The declaration was in six counts.

The difference in the several counts is not material. Each count stated a sufficient cause of action on one of the several promissory notes in which the makers agreed to pay costs and attorney's fees in case of default and suit to enforce payment.

The first plea denied the making, execution and delivery of the notes.

The second plea was as follows.

That the defendant, J.E. Taylor, on behalf of the defendants, hired the plaintiff and others to act as brokers to sell certain land; that the said brokers sold the land to Roth Bros.

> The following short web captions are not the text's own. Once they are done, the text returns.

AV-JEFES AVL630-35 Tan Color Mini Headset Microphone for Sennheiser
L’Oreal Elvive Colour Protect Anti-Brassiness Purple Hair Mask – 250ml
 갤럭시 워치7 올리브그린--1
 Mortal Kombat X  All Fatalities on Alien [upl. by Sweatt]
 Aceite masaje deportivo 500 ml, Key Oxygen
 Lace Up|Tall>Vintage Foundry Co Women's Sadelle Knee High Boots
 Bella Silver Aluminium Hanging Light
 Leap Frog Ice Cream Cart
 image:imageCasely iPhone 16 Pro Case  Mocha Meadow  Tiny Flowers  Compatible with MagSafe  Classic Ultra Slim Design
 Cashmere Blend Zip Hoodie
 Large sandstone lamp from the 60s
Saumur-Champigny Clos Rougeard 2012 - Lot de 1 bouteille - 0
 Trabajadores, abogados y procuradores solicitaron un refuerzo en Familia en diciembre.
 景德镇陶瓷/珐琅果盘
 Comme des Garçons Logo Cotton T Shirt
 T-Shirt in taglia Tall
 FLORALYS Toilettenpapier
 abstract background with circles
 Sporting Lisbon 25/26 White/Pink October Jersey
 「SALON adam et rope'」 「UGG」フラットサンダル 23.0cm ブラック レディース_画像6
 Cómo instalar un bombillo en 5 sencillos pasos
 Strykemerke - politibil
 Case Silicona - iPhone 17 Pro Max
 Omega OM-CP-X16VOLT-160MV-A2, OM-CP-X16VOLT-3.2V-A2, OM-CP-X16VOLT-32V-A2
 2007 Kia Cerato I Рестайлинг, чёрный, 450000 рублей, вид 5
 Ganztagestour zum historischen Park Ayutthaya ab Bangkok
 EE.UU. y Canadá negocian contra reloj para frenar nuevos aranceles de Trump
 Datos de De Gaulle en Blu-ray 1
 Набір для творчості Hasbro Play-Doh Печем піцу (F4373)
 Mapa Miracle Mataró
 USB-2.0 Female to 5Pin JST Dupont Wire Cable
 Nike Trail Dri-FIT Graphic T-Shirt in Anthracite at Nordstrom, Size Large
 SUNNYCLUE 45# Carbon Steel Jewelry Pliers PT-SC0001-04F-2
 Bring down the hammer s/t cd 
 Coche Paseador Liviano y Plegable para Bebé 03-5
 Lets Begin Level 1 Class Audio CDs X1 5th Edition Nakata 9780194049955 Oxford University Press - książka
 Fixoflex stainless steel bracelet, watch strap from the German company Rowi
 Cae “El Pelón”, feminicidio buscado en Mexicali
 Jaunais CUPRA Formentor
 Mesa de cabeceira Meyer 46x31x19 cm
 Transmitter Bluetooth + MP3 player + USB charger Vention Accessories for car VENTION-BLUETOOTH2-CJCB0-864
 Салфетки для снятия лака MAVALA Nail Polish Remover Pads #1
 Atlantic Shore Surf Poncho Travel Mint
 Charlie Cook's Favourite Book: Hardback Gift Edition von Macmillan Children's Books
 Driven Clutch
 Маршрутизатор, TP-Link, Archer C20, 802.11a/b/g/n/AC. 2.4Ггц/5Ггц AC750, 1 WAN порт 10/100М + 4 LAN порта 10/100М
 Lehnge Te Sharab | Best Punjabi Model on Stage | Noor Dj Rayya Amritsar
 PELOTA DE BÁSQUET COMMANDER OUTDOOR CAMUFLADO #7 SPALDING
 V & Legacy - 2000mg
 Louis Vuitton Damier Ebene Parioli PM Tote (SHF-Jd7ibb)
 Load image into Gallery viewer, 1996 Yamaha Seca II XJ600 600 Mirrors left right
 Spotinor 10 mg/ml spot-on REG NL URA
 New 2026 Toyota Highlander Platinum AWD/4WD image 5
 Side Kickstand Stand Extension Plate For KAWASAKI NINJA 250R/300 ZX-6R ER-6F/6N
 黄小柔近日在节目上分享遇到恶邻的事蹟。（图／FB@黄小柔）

Inc., for the sum of $97,839.40, of which $23,481.00 was to be paid in cash, and the balance to be paid in deferred payments over a period of years; that the series of six (6) promissory notes described in the declaration were given by the defendants to the plaintiff as her part of the commission for the aforesaid sale and the said notes were delivered to the plaintiff upon the prior express condition and understanding between the plaintiff and the defendants that the said notes would be paid when and at the time the deferred payments were made by Roth Bros., Inc., and that the said notes would not be paid until Roth Bros., Inc., should pay the defendants the deferred balance of the purchase price of said land; that the plaintiff received said notes under the aforesaid understanding and agreement, and at the time of their receipt agreed to the conditions upon which the same were delivered as stated, and further agreed with the defendants that the notes should not become *Page 808 due until the said Roth Bros., Inc., should make the deferred payments; that the plaintiff further agreed that the said notes were never to be paid by the defendants unless Roth Bros., Inc., should pay the said deferred payments; that if the deal was never consummated by the said Roth Bros., Inc., and the defendants had to take back the land, the notes were not to be paid by the defendants and would be void and of no effect; that Roth Bros., Inc., never paid the deferred payments nor any part thereof, and that these defendants have never received any money from the said Roth Bros., Inc., other than the initial cash payment, and later were forced to take back the land from the said Roth Bros., Inc.

"WHEREFORE, These defendants say that the condition under which these notes were delivered to plaintiff were never performed, and that the consideration thereof has wholly failed."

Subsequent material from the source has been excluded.